La necessità di mantenere buoni collegamenti commerciali con Mosca e con gli altri Stati dell'ex impero sovietico è apparsa evidente un po' troppo tardi ai gruppi dirigenti baltici. L'esempio di Vilnius è illuminante: mentre all'indomani dell'indipendenza le ambasciate lituane spuntavano un po' dappertutto nei Paesi occidentali, solo nel 1992, dopo il ritorno al potere del comunista Brazauskas, venne insediata un'ambasciata in Bielorussia, uno dei vicini con cui gli scambi commerciali e quelli legati alle materie prime sono più intensi. L'approccio ideologico utilizzato dai primi governi baltici per affrontare le questioni di politica estera, seppur comprensibile e dettato dall'inesperienza, ha prodotto cattivi risultati. La crescita del prezzo del gas e del petrolio russo è stata uno dei principali fattori che ha minato la convinzione baltica che la fine dei diktat sovietici avrebbe automaticamente significato efficienza e benessere. Per porvi rimedio, i lituani hanno pensato bene di non dismettere la vecchia centrale nucleare di Ignalina (di impianto simile a quella di Chernobyl), tornata a livelli di sufficiente sicurezza dopo un restyling svedese.

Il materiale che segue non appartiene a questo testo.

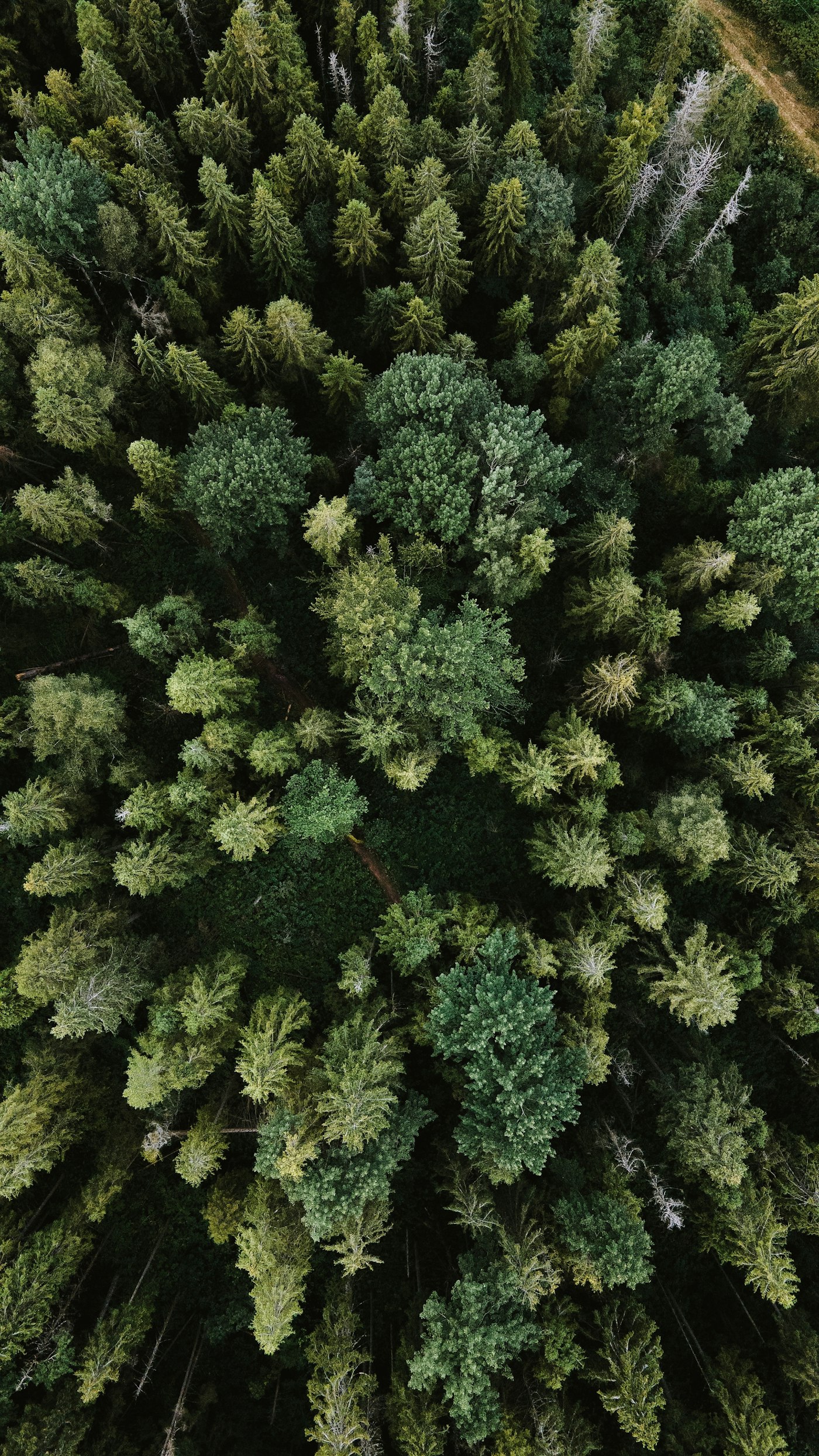 Naturaleza de Villa Marina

I Paesi baltici e l'Europa
Se i rapporti con gli Stati della Csi sono stati piuttosto turbolenti, quelli tra Vilnius, Tallin e Riga non è che siano molto migliori. Dietro la retorica "panbaltica", si muovono gelosie, diversità, competizioni che rendono difficile lo sviluppo di una politica comune. Questo riflette, d'altronde, un diverso grado di sviluppo sulla strada delle riforme liberiste. L'Estonia, grazie a una politica riformista più rigorosa e all'aiuto consistente della Finlandia, si trova in netto vantaggio rispetto alla Lituania e alla Lettonia e non è improbabile che, se gli organi istituzionali di coordinamento sovranazionale dovessero ulteriormente perdere potere, ben presto Tallin, spalleggiata da Helsinki, chiederà all'Europa di staccare il biglietto d'ingresso a Maastricht senza attendere le altre due Repubbliche. Sarebbe probabilmente la fine anche di un sogno panbaltico "minimo", ma forse questa cooperazione, a parole tanto auspicata, potrebbe riproporsi su un piano meno ideologico, meno costruttivistico e dunque più pragmatico.

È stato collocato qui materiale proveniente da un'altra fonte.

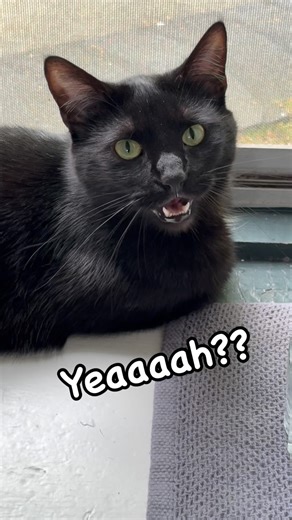 Baba Yaga on Instagram: "Baba answers fan questions: part 49! 🐈‍⬛🔊 . Thank you for your cute and unique question @jasonstenius! Baba really responded to it😹 . And remember! If YOU have a question for Baba, please comment! He WILL answer… hehe . . . . . . #cat #cats #cats_of_instagram #catsofinstagram #catlover #catlife #cats_of_world #catmemes #catmom #cutecat #talkingcat #catvideo #catvideooftheday #catvibes #blackcat #blackcatsofinstagram #baba #babayaga"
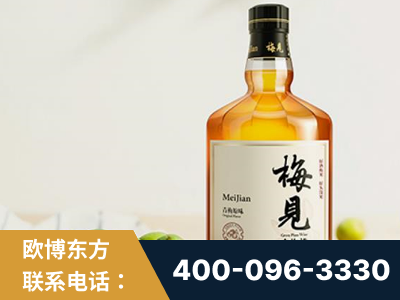 松滋-梅见青梅酒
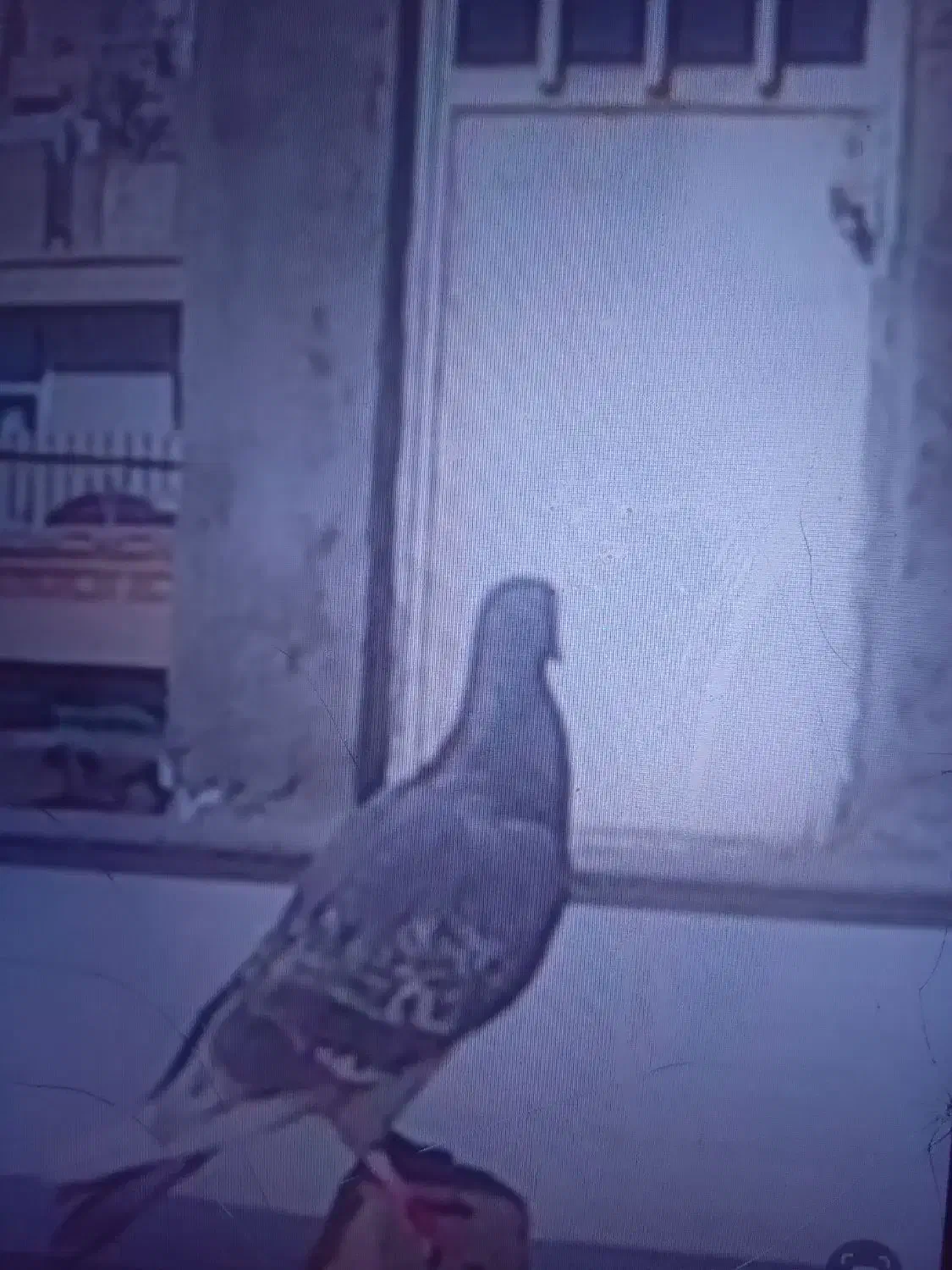 کفتر سبز|حیوانات|سبزوار, قصبه غربی|دیوار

Oggi l'Estonia rappresenta davvero la piccola locomotiva dell'area. I suoi successi sono di esempio e di stimolo per gli altri due governi. Da qualche mese la Lettonia si è lasciata alle spalle le incertezze e i tentennamenti degli anni passati e ha imboccato con decisione la strada di un deciso rinnovamento delle strutture economiche. Il porto di Riga sembra tornato ai fasti degli Anni Venti, brulicante di attività e di traffici, con i traghetti che a ritmo continuo salpano e approdano alle nuove banchine, riportate a un buon grado di efficienza da intense opere di ammodernamento. I governanti lettoni sembrano voler imitare l'Estonia anche per quel che riguarda la ricerca di uno sponsor. Abbandonate le velleità autarchiche, Riga ha stretto rapporti solidi con Stoccolma, anche se l'impegno svedese non è paragonabile per intensità e convinzione a quello finlandese.

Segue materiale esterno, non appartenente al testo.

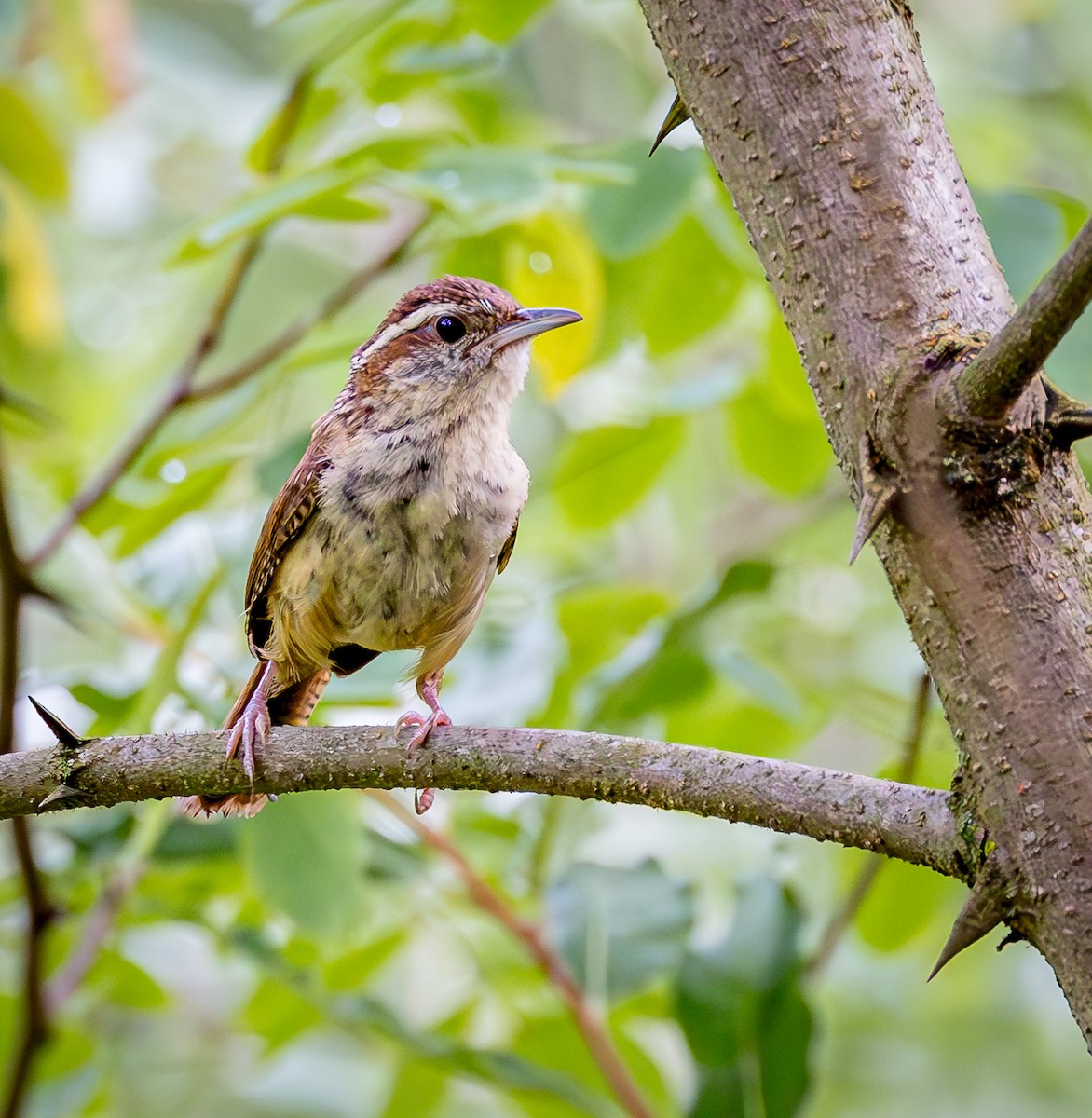 Carolina Wren - ML620794751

E anche la cattolica Lituania, attardatasi nelle secche di un tormentato post-comunismo, ha voltato pagina alle ultime elezioni e promette un'energica riforma liberista. Il tempo perduto dovrà essere recuperato a prezzo di grossi costi sociali: percorrendo le sonnolente strade della campagna lituana, dove si avverte inconfondibile l'atmosfera di una tragica rilassatezza, è difficile farsi troppe illusioni sulle effettive capacità del più grande Paese baltico di tirarsi fuori dalle secche della stagnazione. Eppure l'Estonia è lì a dimostrarlo: scorciatoie verso il benessere non ne esistono. La strada dello sviluppo economico è lastricata di pazienza e coraggio, di decisioni e di rischi.

Ancora per molti anni, ogni sera, allo scoccare dei diciotto rintocchi, i barboni di Tallin torneranno a spezzare la magia di piazza Reakoia e a ricordarci quanta sofferenza e quanta umiliazione aleggi ancora tra le macerie del post-comunismo. Un ammonimento severo affinché i loro figli non abbiano, neppure per un secondo, la nostalgia di un misero passato.